An assessment of event-based imaging velocimetry for efficient estimation of low-dimensional coordinates in turbulent flows

Abstract

This study explores the potential of neuromorphic Event-Based Vision (EBV) cameras for data-efficient representation of low-order model coordinates in turbulent flows. Unlike conventional imaging systems, EBV cameras asynchronously capture changes in temporal contrast at each pixel, delivering high-frequency output with reduced data bandwidth and enhanced sensitivity, particularly in low-light conditions. Pulsed Event-Based Imaging Velocimetry (EBIV) is assessed against traditional Particle Image Velocimetry (PIV) through two synchronized experiments: a submerged water jet and airflow around a square rib in a channel. The assessment includes a detailed comparison of flow statistics and spectral content, alongside an evaluation of reduced-order modeling capabilities using Proper Orthogonal Decomposition (POD). The event stream from the EBV camera is converted into pseudo-snapshots, from which velocity fields are computed using standard PIV processing techniques. These fields are then compared after interpolation onto a common grid.
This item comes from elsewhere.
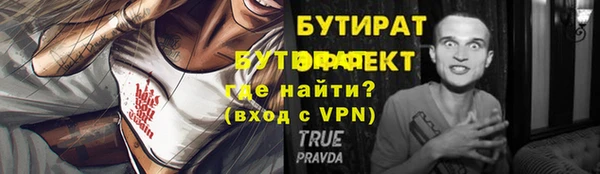 индика Аркадак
Modal analysis demonstrates that EBIV can successfully identify dominant flow structures, along with their energy and dynamics, accurately discerning singular values, spatial modes, and temporal modes. While noise contamination primarily affects higher modes -- less critical for flow control applications -- overall performance remains robust. Additionally, comparisons of Low-Order Reconstruction (LOR) validate EBIV's capability to provide reliable reduced-order models of turbulent flows, essential for flow control purposes. These findings position EBV sensors as a promising technology for real-time, imaging-based closed-loop flow control systems.